• [PROBLEM TO SOLVE]:
The records below should be printed once more, exactly as they appear.

(Recorded data)
══════════════════════════════
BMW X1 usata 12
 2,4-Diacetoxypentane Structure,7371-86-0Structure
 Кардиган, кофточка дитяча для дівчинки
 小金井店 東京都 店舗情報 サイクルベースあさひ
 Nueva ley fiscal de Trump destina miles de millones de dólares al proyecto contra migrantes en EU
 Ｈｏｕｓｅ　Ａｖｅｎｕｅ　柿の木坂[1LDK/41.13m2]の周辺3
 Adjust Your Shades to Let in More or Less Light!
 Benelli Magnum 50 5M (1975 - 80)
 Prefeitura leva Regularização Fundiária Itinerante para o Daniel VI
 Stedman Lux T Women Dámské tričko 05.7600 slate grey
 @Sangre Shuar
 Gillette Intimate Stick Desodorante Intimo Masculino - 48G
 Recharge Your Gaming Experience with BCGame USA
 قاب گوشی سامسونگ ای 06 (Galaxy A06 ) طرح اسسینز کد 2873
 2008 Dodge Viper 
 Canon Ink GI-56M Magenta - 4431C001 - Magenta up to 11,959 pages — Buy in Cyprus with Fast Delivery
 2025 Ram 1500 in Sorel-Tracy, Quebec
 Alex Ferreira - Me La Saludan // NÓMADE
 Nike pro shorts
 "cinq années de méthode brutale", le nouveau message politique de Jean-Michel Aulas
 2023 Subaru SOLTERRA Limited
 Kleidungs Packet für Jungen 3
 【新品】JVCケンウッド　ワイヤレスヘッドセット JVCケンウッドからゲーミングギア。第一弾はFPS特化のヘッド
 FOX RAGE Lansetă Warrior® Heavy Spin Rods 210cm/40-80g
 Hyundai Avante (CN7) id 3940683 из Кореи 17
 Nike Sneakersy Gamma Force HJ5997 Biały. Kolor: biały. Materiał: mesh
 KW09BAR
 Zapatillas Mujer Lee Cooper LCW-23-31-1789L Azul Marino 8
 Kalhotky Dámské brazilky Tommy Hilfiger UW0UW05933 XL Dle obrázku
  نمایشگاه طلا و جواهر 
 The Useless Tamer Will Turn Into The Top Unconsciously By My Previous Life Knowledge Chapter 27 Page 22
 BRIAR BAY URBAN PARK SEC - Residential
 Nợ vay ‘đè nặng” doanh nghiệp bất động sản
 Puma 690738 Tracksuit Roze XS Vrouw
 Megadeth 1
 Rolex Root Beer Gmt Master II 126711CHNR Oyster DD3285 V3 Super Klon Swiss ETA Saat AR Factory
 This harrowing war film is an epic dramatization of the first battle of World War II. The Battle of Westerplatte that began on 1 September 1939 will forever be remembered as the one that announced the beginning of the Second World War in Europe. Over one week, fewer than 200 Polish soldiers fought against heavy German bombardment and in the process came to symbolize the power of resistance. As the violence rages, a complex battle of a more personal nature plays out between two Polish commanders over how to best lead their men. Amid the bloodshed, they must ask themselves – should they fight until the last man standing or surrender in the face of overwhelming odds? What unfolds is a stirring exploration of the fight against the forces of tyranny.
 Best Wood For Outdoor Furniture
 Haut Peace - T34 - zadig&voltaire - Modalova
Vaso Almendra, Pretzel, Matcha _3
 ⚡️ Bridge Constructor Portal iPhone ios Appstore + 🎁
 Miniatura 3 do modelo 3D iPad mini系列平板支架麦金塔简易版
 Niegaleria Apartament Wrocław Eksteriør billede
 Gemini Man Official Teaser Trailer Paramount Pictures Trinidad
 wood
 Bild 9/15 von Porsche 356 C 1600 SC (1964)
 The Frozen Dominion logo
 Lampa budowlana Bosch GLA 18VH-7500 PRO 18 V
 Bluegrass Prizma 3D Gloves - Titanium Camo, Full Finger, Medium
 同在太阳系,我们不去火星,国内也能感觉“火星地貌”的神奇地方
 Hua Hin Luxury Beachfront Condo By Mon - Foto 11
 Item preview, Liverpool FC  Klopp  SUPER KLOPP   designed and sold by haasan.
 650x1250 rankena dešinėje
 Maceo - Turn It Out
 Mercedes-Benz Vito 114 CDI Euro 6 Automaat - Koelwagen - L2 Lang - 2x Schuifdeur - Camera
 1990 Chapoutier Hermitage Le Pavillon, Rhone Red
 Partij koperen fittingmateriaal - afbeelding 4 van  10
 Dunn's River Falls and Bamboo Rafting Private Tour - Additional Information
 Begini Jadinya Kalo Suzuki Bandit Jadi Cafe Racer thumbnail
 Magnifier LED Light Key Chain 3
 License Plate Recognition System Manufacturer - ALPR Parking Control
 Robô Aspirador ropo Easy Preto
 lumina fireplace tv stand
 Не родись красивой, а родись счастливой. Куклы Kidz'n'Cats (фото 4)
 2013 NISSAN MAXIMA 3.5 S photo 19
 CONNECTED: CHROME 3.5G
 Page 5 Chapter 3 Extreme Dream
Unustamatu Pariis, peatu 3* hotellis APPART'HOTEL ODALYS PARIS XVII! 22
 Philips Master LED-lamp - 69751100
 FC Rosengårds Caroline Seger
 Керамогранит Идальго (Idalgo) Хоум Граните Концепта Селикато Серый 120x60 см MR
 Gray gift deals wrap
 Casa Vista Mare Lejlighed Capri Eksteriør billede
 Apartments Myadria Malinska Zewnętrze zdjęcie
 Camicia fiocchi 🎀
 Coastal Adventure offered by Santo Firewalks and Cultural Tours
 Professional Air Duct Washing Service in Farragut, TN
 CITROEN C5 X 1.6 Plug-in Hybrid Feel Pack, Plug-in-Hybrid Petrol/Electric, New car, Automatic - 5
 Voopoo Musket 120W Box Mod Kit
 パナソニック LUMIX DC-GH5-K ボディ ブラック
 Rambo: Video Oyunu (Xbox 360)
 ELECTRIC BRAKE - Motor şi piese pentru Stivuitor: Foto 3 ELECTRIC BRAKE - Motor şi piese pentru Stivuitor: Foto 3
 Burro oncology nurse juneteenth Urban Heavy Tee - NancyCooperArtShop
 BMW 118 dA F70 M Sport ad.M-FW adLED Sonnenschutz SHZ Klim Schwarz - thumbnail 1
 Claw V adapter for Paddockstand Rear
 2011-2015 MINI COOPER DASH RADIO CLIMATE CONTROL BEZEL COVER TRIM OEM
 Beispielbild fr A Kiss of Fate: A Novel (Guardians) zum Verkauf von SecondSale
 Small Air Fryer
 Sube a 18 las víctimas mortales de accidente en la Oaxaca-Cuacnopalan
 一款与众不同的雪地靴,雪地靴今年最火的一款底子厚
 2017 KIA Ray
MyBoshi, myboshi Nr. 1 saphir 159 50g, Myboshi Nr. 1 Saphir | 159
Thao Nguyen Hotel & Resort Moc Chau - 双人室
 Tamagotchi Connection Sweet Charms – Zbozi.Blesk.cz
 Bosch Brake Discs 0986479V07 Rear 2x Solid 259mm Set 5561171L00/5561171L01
══════════════════════════════
• [RESPONSE BOX]:
BMW X1 usata 12
 2,4-Diacetoxypentane Structure,7371-86-0Structure
 Кардиган, кофточка дитяча для дівчинки
 小金井店 東京都 店舗情報 サイクルベースあさひ
 Nueva ley fiscal de Trump destina miles de millones de dólares al proyecto contra migrantes en EU
 Ｈｏｕｓｅ　Ａｖｅｎｕｅ　柿の木坂[1LDK/41.13m2]の周辺3
 Adjust Your Shades to Let in More or Less Light!
 Benelli Magnum 50 5M (1975 - 80)
 Prefeitura leva Regularização Fundiária Itinerante para o Daniel VI
 Stedman Lux T Women Dámské tričko 05.7600 slate grey
 @Sangre Shuar
 Gillette Intimate Stick Desodorante Intimo Masculino - 48G
 Recharge Your Gaming Experience with BCGame USA
 قاب گوشی سامسونگ ای 06 (Galaxy A06 ) طرح اسسینز کد 2873
 2008 Dodge Viper 
 Canon Ink GI-56M Magenta - 4431C001 - Magenta up to 11,959 pages — Buy in Cyprus with Fast Delivery
 2025 Ram 1500 in Sorel-Tracy, Quebec
 Alex Ferreira - Me La Saludan // NÓMADE
 Nike pro shorts
 "cinq années de méthode brutale", le nouveau message politique de Jean-Michel Aulas
 2023 Subaru SOLTERRA Limited
 Kleidungs Packet für Jungen 3
 【新品】JVCケンウッド　ワイヤレスヘッドセット JVCケンウッドからゲーミングギア。第一弾はFPS特化のヘッド
 FOX RAGE Lansetă Warrior® Heavy Spin Rods 210cm/40-80g
 Hyundai Avante (CN7) id 3940683 из Кореи 17
 Nike Sneakersy Gamma Force HJ5997 Biały. Kolor: biały. Materiał: mesh
 KW09BAR
 Zapatillas Mujer Lee Cooper LCW-23-31-1789L Azul Marino 8
 Kalhotky Dámské brazilky Tommy Hilfiger UW0UW05933 XL Dle obrázku
  نمایشگاه طلا و جواهر 
 The Useless Tamer Will Turn Into The Top Unconsciously By My Previous Life Knowledge Chapter 27 Page 22
 BRIAR BAY URBAN PARK SEC - Residential
 Nợ vay ‘đè nặng” doanh nghiệp bất động sản
 Puma 690738 Tracksuit Roze XS Vrouw
 Megadeth 1
 Rolex Root Beer Gmt Master II 126711CHNR Oyster DD3285 V3 Super Klon Swiss ETA Saat AR Factory
 This harrowing war film is an epic dramatization of the first battle of World War II. The Battle of Westerplatte that began on 1 September 1939 will forever be remembered as the one that announced the beginning of the Second World War in Europe. Over one week, fewer than 200 Polish soldiers fought against heavy German bombardment and in the process came to symbolize the power of resistance. As the violence rages, a complex battle of a more personal nature plays out between two Polish commanders over how to best lead their men. Amid the bloodshed, they must ask themselves – should they fight until the last man standing or surrender in the face of overwhelming odds? What unfolds is a stirring exploration of the fight against the forces of tyranny.
 Best Wood For Outdoor Furniture
 Haut Peace - T34 - zadig&voltaire - Modalova
Vaso Almendra, Pretzel, Matcha _3
 ⚡️ Bridge Constructor Portal iPhone ios Appstore + 🎁
 Miniatura 3 do modelo 3D iPad mini系列平板支架麦金塔简易版
 Niegaleria Apartament Wrocław Eksteriør billede
 Gemini Man Official Teaser Trailer Paramount Pictures Trinidad
 wood
 Bild 9/15 von Porsche 356 C 1600 SC (1964)
 The Frozen Dominion logo
 Lampa budowlana Bosch GLA 18VH-7500 PRO 18 V
 Bluegrass Prizma 3D Gloves - Titanium Camo, Full Finger, Medium
 同在太阳系,我们不去火星,国内也能感觉“火星地貌”的神奇地方
 Hua Hin Luxury Beachfront Condo By Mon - Foto 11
 Item preview, Liverpool FC  Klopp  SUPER KLOPP   designed and sold by haasan.
 650x1250 rankena dešinėje
 Maceo - Turn It Out
 Mercedes-Benz Vito 114 CDI Euro 6 Automaat - Koelwagen - L2 Lang - 2x Schuifdeur - Camera
 1990 Chapoutier Hermitage Le Pavillon, Rhone Red
 Partij koperen fittingmateriaal - afbeelding 4 van  10
 Dunn's River Falls and Bamboo Rafting Private Tour - Additional Information
 Begini Jadinya Kalo Suzuki Bandit Jadi Cafe Racer thumbnail
 Magnifier LED Light Key Chain 3
 License Plate Recognition System Manufacturer - ALPR Parking Control
 Robô Aspirador ropo Easy Preto
 lumina fireplace tv stand
 Не родись красивой, а родись счастливой. Куклы Kidz'n'Cats (фото 4)
 2013 NISSAN MAXIMA 3.5 S photo 19
 CONNECTED: CHROME 3.5G
 Page 5 Chapter 3 Extreme Dream
Unustamatu Pariis, peatu 3* hotellis APPART'HOTEL ODALYS PARIS XVII! 22
 Philips Master LED-lamp - 69751100
 FC Rosengårds Caroline Seger
 Керамогранит Идальго (Idalgo) Хоум Граните Концепта Селикато Серый 120x60 см MR
 Gray gift deals wrap
 Casa Vista Mare Lejlighed Capri Eksteriør billede
 Apartments Myadria Malinska Zewnętrze zdjęcie
 Camicia fiocchi 🎀
 Coastal Adventure offered by Santo Firewalks and Cultural Tours
 Professional Air Duct Washing Service in Farragut, TN
 CITROEN C5 X 1.6 Plug-in Hybrid Feel Pack, Plug-in-Hybrid Petrol/Electric, New car, Automatic - 5
 Voopoo Musket 120W Box Mod Kit
 パナソニック LUMIX DC-GH5-K ボディ ブラック
 Rambo: Video Oyunu (Xbox 360)
 ELECTRIC BRAKE - Motor şi piese pentru Stivuitor: Foto 3 ELECTRIC BRAKE - Motor şi piese pentru Stivuitor: Foto 3
 Burro oncology nurse juneteenth Urban Heavy Tee - NancyCooperArtShop
 BMW 118 dA F70 M Sport ad.M-FW adLED Sonnenschutz SHZ Klim Schwarz - thumbnail 1
 Claw V adapter for Paddockstand Rear
 2011-2015 MINI COOPER DASH RADIO CLIMATE CONTROL BEZEL COVER TRIM OEM
 Beispielbild fr A Kiss of Fate: A Novel (Guardians) zum Verkauf von SecondSale
 Small Air Fryer
 Sube a 18 las víctimas mortales de accidente en la Oaxaca-Cuacnopalan
 一款与众不同的雪地靴,雪地靴今年最火的一款底子厚
 2017 KIA Ray
MyBoshi, myboshi Nr. 1 saphir 159 50g, Myboshi Nr. 1 Saphir | 159
Thao Nguyen Hotel & Resort Moc Chau - 双人室
 Tamagotchi Connection Sweet Charms – Zbozi.Blesk.cz
 Bosch Brake Discs 0986479V07 Rear 2x Solid 259mm Set 5561171L00/5561171L01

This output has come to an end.